De ahí que mientras sigamos resistiéndonos a ver la vida como un aprendizaje, seguiremos sufriendo por no aceptar las circunstancias que hemos co-creado con nuestros pensamientos, decisiones y acciones. También nos perderemos la magia y el encanto inherente a al simple hecho de estar vivos, un reconocimiento que nos lleva inevitablemente a inclinarnos con humildad frente al misterio y la sabiduría de la existencia. Es entonces cuando comprendemos que no suele sucedernos lo que queremos, sino lo que necesitamos para aprender a ser felices y a dejar de sufrir.
No existen las coincidencias. Tan sólo la ilusión de que existen las coincidencias. De hecho, «la ley de la sincronicidad» también ha descubierto que «nuestro sistema de creencias y, por ende, nuestra manera de pensar, determinan en última instancia no sólo nuestra identidad, sino también nuestras circunstancias». Por ejemplo, que si somos personas inseguras y miedosas, atraeremos a nuestra vida situaciones inciertas que nos permitan entrenar los músculos de la confianza y la valentía. Así, los sucesos externos que forman parte de nuestra existencia suelen ser un reflejo de nuestros procesos emocionales internos. De ahí la importancia de conocernos a nosotros mismos para cuestionar, comprender y trascender nuestra ignorancia e inconsciencia.
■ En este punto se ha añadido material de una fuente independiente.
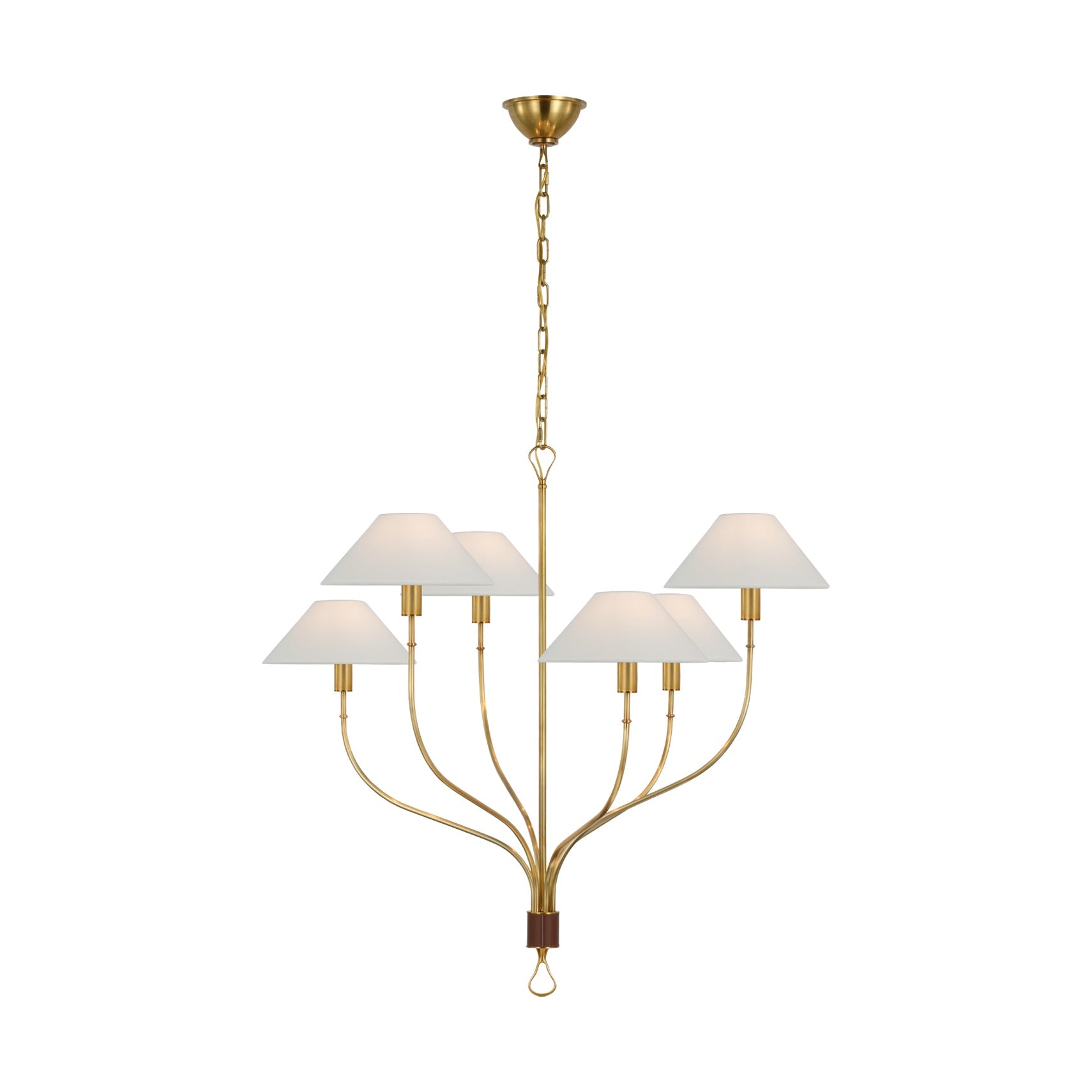 Griffin Large Staggered Tail Chandelier LIGHTING - chandelier Visual Comfort - Signature Hand-Rubbed Antique Brass and Saddle Leather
“Cada uno recoge lo que siembra.” (Buda)
Si bien la «física cuántica», «la teoría del caos», el «efecto mariposa» y «la teoría de la sincronicidad» son descubrimientos científicos llevados a cabo en Occidente a lo largo del siglo XX, lo cierto es que no tienen nada de nuevo. En Oriente se llegó a esta misma conclusión hace más de 2.500 años. Es decir, alrededor del siglo V a. C. Según los historiadores, por aquel entonces se popularizó «la ley del karma», también conocida como «la ley de causa y efecto».
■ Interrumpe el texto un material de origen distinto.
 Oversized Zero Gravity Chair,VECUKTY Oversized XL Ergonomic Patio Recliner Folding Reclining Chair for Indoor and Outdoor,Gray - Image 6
Si bien es cierto que algunas ramas esotéricas tienden a vulgarizar y banalizar este tipo de teorías, «la ley del karma» afirma, en esencia, que «todo lo que pensamos, decimos y hacemos tiene consecuencias». De ahí que en el caso de que cometamos errores, obtengamos resultados de malestar que nos permitan darnos cuenta de que hemos errado, pudiendo así aprender y evolucionar. Y en paralelo, en el caso de que cometamos aciertos, cosechemos efectos de bienestar que nos permitan verificar que estamos viviendo con comprensión, discernimiento y sabiduría.
Esta es la razón por la que los sucesos que componen nuestra existencia no están regidos por la «casualidad», sino por la «causalidad». Según «la ley del karma», cada uno de nosotros «recibe lo que da». Esta visión de la realidad elimina toda posibilidad de caer en las garras del inútil y peligroso victimismo. Lo queramos o no ver, somos co-responsables y co-creadores de lo que sucede en nuestra existencia.